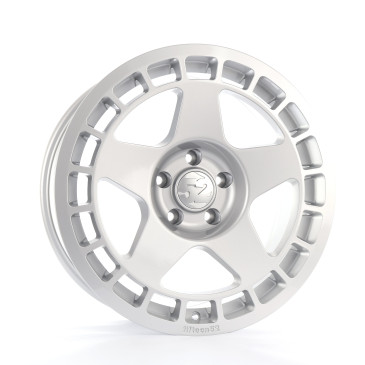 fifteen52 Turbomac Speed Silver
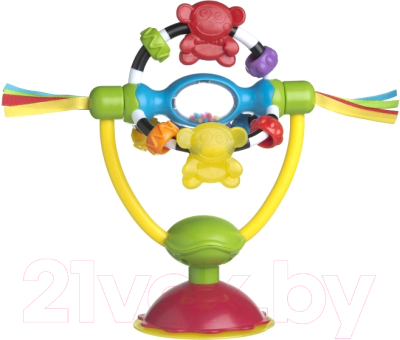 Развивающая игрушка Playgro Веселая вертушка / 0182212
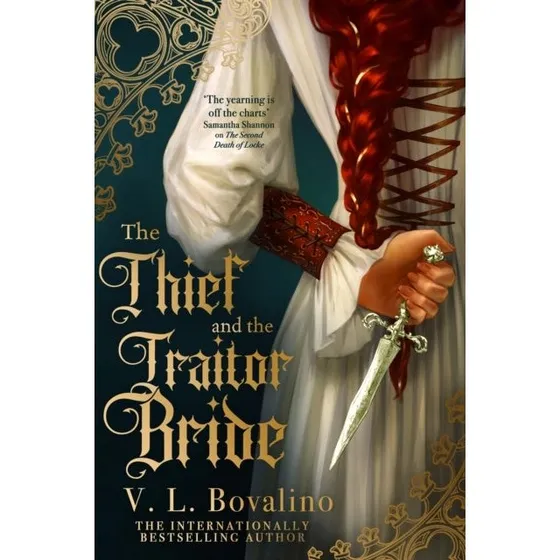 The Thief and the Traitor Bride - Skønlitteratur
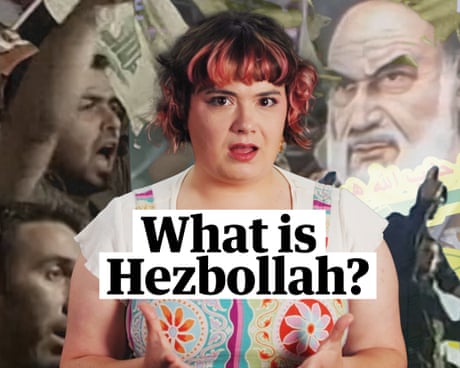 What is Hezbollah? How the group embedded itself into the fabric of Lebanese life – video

--

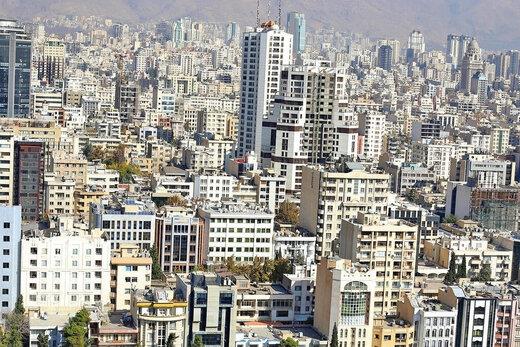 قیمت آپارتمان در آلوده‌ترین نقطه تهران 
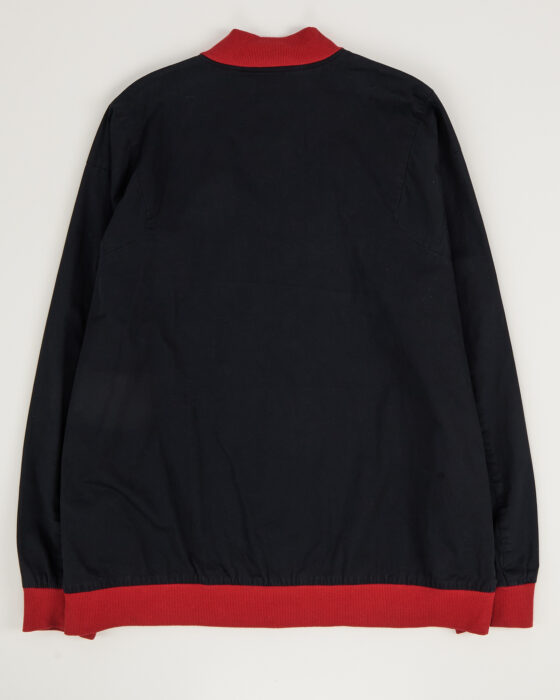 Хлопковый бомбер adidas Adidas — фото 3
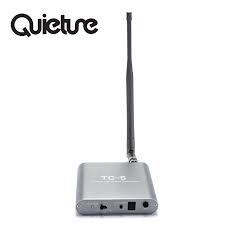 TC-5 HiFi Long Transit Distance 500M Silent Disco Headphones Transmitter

Assigned task:
Which part of the entries opens with the line containing "قیمت آپارتمان در آلوده‌ترین نقطه تهران" and closes with the line containing "TC-5 HiFi Long"? Output that part exactly, ends included, pictures excluded.

Your response:
 قیمت آپارتمان در آلوده‌ترین نقطه تهران 
 Хлопковый бомбер adidas Adidas — фото 3
 TC-5 HiFi Long Transit Distance 500M Silent Disco Headphones Transmitter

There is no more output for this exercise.